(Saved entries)
************

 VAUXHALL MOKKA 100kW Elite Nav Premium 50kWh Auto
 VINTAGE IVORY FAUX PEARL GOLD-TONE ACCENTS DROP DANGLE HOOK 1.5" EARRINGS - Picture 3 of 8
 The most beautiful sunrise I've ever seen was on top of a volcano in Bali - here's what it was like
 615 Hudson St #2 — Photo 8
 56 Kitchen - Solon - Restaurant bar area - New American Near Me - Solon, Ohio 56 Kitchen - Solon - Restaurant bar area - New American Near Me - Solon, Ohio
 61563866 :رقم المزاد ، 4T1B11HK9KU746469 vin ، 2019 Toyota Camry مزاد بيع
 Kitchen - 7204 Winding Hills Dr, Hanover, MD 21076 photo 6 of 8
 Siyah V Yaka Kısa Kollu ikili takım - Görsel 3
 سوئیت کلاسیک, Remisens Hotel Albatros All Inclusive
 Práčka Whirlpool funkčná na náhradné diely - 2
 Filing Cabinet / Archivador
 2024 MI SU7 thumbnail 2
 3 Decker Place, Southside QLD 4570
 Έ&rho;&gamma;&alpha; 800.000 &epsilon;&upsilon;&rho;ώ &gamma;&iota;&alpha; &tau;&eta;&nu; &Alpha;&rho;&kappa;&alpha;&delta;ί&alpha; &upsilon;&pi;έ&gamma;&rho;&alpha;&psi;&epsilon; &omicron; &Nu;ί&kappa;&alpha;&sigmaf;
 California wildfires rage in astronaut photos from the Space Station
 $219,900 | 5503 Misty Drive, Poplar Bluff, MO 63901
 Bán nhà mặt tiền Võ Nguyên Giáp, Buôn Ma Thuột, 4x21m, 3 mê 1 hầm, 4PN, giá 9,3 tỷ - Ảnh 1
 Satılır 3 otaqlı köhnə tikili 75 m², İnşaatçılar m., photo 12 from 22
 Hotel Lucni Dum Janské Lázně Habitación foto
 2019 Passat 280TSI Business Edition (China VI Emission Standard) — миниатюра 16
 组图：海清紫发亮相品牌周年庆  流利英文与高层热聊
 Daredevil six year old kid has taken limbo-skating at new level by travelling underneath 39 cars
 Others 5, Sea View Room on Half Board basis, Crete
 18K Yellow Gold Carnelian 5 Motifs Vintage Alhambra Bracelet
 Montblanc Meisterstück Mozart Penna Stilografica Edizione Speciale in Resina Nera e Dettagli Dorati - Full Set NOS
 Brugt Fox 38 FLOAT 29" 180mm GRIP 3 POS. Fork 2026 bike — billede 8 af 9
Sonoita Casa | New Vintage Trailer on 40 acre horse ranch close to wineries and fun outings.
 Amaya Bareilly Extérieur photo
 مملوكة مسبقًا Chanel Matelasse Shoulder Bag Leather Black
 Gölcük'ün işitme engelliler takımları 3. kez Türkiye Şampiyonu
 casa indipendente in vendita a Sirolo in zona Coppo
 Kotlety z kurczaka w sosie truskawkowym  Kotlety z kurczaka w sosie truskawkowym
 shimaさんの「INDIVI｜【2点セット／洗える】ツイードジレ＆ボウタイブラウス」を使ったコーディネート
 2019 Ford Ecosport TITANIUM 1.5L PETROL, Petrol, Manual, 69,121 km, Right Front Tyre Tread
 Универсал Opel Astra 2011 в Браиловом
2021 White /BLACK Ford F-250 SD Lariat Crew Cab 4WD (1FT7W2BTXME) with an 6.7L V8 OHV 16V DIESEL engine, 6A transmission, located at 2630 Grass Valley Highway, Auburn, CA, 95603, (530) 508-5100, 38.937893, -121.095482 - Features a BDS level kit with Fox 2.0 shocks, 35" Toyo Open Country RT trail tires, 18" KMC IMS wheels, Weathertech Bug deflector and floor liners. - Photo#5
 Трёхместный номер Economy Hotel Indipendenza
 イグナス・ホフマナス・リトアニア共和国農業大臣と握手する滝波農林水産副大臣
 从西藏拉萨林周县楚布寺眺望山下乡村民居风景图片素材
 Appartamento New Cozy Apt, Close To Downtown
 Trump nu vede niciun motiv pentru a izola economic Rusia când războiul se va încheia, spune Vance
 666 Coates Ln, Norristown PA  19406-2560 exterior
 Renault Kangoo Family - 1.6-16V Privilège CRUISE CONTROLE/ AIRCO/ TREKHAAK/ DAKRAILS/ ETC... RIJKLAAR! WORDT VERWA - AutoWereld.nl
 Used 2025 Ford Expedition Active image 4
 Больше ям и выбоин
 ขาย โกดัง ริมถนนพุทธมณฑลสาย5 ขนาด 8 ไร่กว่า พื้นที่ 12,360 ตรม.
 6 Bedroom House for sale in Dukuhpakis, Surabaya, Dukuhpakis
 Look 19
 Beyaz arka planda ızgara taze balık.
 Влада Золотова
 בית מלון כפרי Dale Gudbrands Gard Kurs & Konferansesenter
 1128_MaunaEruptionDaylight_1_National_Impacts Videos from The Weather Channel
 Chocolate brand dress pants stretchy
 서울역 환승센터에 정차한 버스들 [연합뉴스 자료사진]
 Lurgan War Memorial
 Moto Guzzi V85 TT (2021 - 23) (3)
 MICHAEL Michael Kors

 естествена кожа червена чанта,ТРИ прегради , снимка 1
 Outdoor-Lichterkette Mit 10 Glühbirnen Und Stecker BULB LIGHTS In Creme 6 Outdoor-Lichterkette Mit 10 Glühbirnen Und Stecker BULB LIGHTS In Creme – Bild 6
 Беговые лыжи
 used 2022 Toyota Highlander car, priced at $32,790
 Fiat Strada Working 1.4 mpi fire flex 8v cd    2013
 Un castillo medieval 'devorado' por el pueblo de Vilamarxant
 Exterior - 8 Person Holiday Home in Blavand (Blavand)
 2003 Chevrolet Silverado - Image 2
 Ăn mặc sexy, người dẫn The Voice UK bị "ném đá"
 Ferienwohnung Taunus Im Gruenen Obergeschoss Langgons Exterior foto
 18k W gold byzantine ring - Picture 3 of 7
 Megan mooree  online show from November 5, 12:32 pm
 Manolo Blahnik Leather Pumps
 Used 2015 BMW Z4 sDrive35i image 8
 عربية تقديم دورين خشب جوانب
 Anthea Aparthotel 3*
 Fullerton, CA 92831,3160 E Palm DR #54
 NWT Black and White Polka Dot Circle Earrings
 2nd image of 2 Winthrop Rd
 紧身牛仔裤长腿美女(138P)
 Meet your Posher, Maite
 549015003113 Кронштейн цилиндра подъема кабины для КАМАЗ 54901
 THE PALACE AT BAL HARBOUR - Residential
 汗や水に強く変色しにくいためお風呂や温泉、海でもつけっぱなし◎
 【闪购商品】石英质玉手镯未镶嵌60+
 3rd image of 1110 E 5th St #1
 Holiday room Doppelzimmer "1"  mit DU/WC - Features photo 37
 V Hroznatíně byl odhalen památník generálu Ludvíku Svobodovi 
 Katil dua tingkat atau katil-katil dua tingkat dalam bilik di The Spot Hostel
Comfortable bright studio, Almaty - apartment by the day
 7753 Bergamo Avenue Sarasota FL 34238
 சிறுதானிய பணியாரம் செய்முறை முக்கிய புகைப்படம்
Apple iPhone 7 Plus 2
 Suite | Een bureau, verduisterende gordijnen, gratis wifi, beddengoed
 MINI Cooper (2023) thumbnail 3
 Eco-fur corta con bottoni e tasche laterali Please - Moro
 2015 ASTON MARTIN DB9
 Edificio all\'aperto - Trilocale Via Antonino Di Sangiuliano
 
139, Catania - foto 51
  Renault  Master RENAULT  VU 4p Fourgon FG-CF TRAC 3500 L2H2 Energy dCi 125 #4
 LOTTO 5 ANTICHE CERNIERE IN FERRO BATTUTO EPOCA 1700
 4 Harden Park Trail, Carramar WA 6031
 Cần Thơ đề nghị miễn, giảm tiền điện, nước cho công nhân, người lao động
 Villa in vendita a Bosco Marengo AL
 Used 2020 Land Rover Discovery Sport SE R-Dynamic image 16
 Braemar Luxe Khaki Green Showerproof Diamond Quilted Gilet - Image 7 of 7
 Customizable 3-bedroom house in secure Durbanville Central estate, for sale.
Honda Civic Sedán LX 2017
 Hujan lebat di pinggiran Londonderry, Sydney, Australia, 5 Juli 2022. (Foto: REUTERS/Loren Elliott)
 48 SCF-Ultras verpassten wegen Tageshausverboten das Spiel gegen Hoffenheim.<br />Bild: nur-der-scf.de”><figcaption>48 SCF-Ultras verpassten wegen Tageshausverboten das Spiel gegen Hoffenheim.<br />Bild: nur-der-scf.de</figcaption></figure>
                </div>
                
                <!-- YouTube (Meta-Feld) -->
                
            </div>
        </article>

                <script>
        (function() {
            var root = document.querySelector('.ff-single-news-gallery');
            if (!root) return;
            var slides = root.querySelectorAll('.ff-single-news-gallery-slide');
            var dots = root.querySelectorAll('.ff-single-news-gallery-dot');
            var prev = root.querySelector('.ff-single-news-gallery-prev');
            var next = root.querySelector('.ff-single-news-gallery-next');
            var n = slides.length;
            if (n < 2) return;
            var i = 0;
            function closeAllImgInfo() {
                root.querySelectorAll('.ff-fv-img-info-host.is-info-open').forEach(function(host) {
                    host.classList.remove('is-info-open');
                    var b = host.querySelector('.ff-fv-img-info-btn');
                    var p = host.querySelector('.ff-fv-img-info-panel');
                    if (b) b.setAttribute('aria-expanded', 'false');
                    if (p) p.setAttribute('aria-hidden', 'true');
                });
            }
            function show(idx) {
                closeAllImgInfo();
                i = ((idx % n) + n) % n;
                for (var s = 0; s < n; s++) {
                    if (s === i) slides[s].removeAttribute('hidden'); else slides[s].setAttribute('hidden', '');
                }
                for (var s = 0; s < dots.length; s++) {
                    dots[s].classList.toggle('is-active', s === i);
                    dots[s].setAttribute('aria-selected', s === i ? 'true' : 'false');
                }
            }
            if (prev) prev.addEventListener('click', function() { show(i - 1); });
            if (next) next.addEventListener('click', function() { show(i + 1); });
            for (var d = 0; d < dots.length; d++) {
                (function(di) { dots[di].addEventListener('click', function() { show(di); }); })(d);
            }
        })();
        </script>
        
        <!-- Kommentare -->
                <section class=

************

Task details >> Reproduce exactly the lines above from the line with "Fullerton, CA 92831,3160 E Palm DR #54" to the line with "V Hroznatíně byl", including both, and add nothing.

Completed task >>
 Fullerton, CA 92831,3160 E Palm DR #54
 NWT Black and White Polka Dot Circle Earrings
 2nd image of 2 Winthrop Rd
 紧身牛仔裤长腿美女(138P)
 Meet your Posher, Maite
 549015003113 Кронштейн цилиндра подъема кабины для КАМАЗ 54901
 THE PALACE AT BAL HARBOUR - Residential
 汗や水に強く変色しにくいためお風呂や温泉、海でもつけっぱなし◎
 【闪购商品】石英质玉手镯未镶嵌60+
 3rd image of 1110 E 5th St #1
 Holiday room Doppelzimmer "1"  mit DU/WC - Features photo 37
 V Hroznatíně byl odhalen památník generálu Ludvíku Svobodovi 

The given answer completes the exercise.